As children, we are often afraid of spotting a snake, even in our dreams. One of the Vrindavan pastimes of Boy-Krishna was the taming of one such hundred-hooded venomous serpent Kaliya.
Serpent Kaliya made his home in the happy realm of Braj in a lake in the deep sweet waters of river Yamuna and poisoned it. All the birds, trees and animals had withered by the contact of the lake.
Once Krishna’s friends wandered towards the lake on the river Yamuna in search of the cows. Being thirsty, they drank the poisonous water and fell down unconscious. Noticing that some of his companions had gone missing, Krishna immediately set out for search and arrived at the waters. Having seen his friends in such a state, the lord had revived them to senses with his grace.
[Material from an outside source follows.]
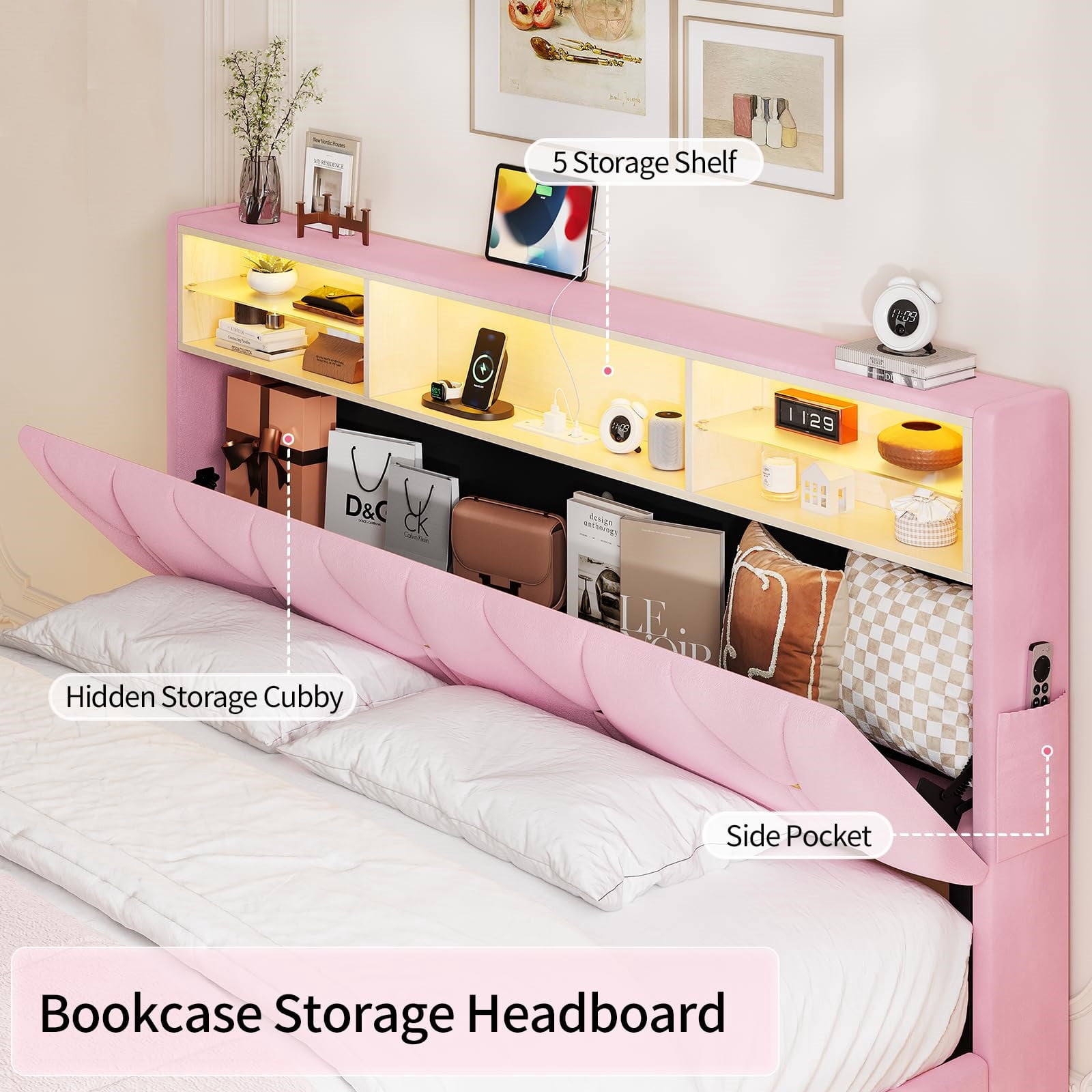 Princess Full Size Platform Bed Frames with Storage Headboard,Power Outlet, Modern Velvet Upholstered Girls Bed with LED Lights and Storage Shelves,No Box Spring Needed,Noise-Free,Easy Assembly, Pink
Krishna looked at the deep waters and found the serpent sleeping. In a gusto to teach the serpent a lesson, he sported fearlessly into the waters even as all his friends were watching. As the sport began, Krishna initially let the serpent play around him. So, the serpent coiled around Krishna and tried to crush him. Krishna then began expanding his form and Kaliya was losing hold of Krishna. Kaliya got enraged and spread out his hood to hiss and eject venom. Krishna bent the enormously huge head of Kaliya and leaped up, landing right on its hoods. Krishna stood on one of the hoods while Kaliya tried to attack him with the fangs of the others. Krishna escaped from the fangs every time by jumping from hood to hood, dancing and bringing each of the serpent’s raised hood down till finally all hoods were bruised and the serpent gave up his pride and surrendered to Krishna.
The friends of Krishna watched all this from the banks of the river and thought – what a feast it is indeed to the eyes to see the dance of Krishna in myriad poses, sporting fearlessly on the hood of the dangerous serpent! The devas too showered flowers on Krishna from above.
The evil-natured Kaliya pleaded forgiveness to the Lord. The merciful Krishna told Kaliya to leave to the sea immediately. Ever since the waters of Yamuna have been free from the danger of the serpent, and once again, the blue waters are as sweet as nectar.